## Exercise directions
Each line of the data below between the one containing "French Ditch Installation in York" and the one containing "House in Debeljak", both included, is to be repeated exactly. Please omit pictures.

## Record extracts
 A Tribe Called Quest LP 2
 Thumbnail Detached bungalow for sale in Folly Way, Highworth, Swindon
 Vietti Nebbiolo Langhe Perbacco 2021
---
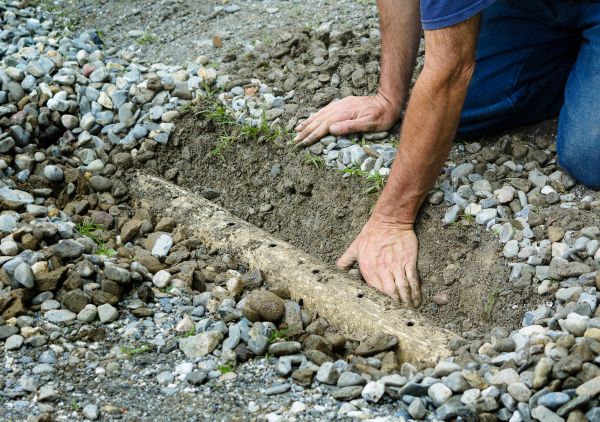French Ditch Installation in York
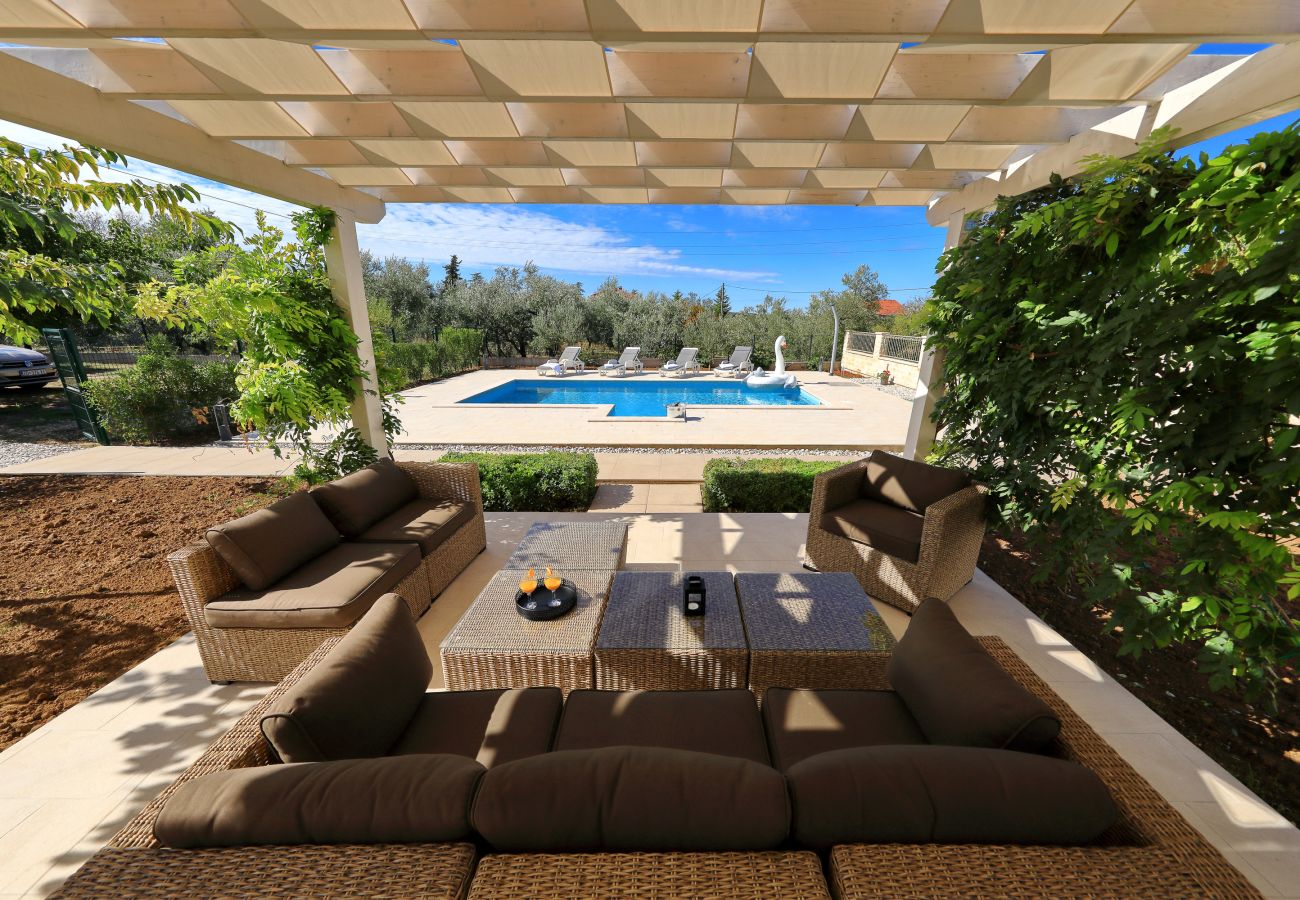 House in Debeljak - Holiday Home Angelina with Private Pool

## Solution to the problem
French Ditch Installation in York
 House in Debeljak - Holiday Home Angelina with Private Pool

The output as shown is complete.